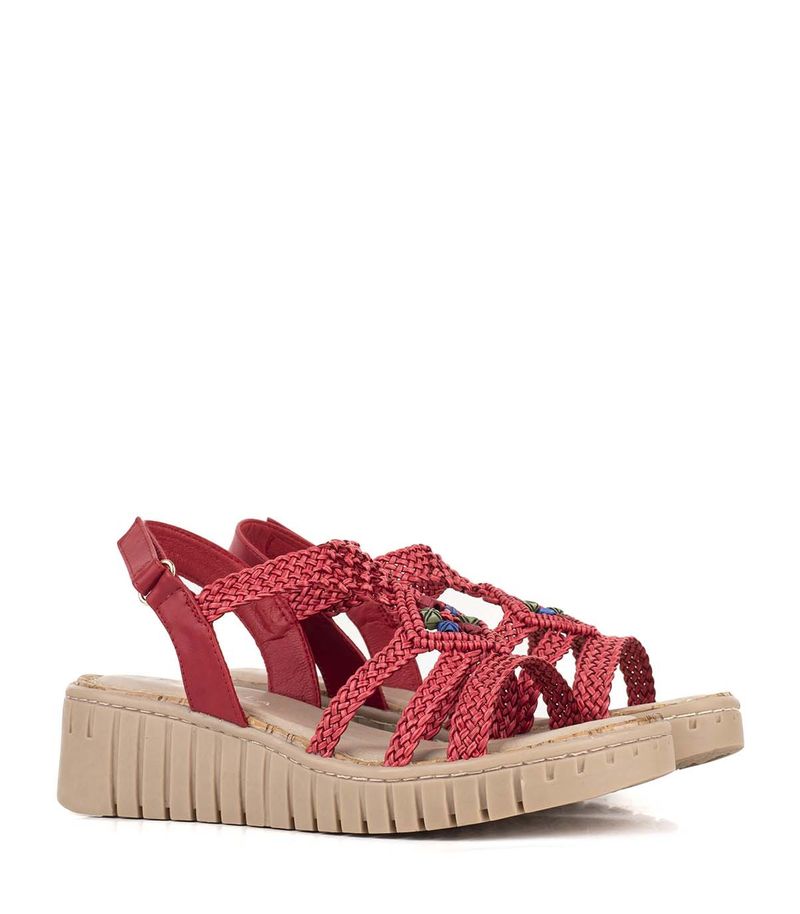 Sandalias-trenzadas-de-cuero-en-rojo.jpg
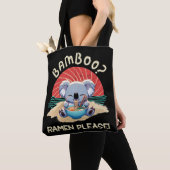Schattigee Koala eten Ramen  Sunshine Tote Bag (Dichtbij)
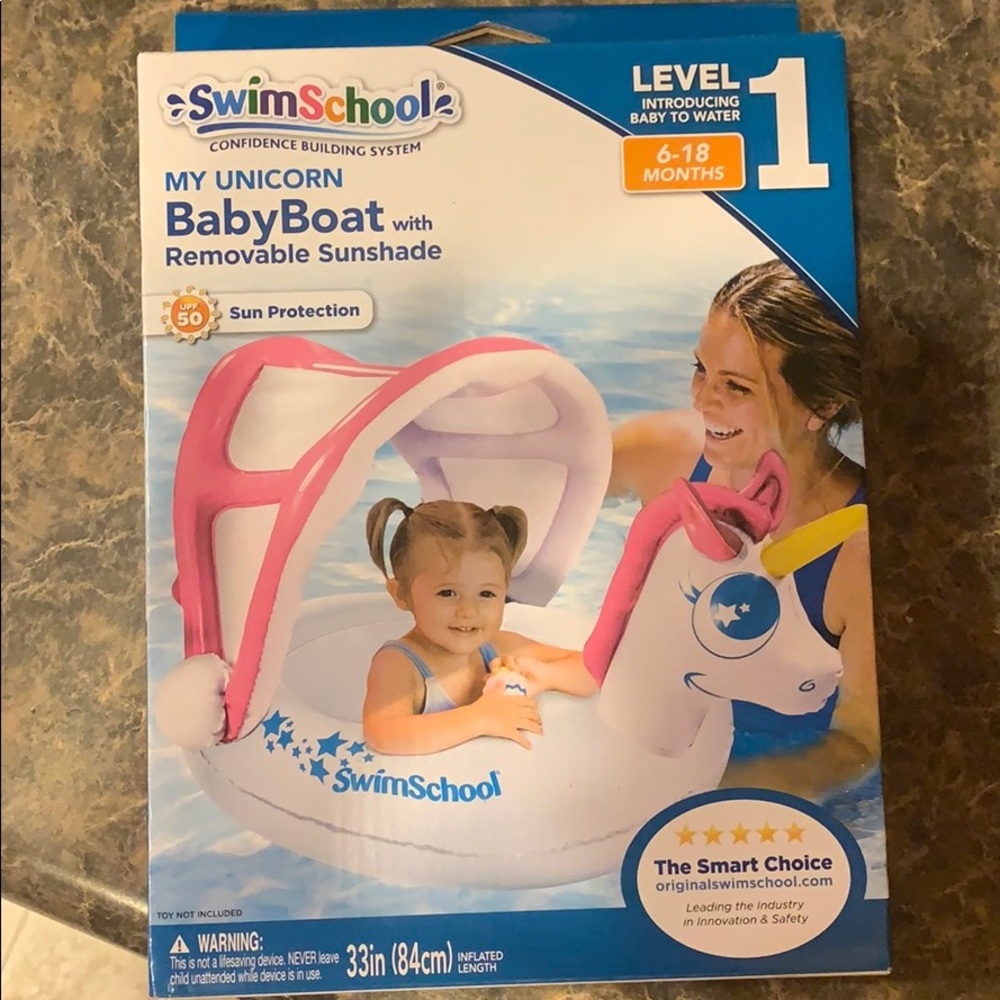 NWT Unicorn baby float with detachable sunshade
* * *
Return all the data above as written, leaving out only the pictures.

▸ **Response to the task**:
 Sandalias-trenzadas-de-cuero-en-rojo.jpg
Schattigee Koala eten Ramen  Sunshine Tote Bag (Dichtbij)
 NWT Unicorn baby float with detachable sunshade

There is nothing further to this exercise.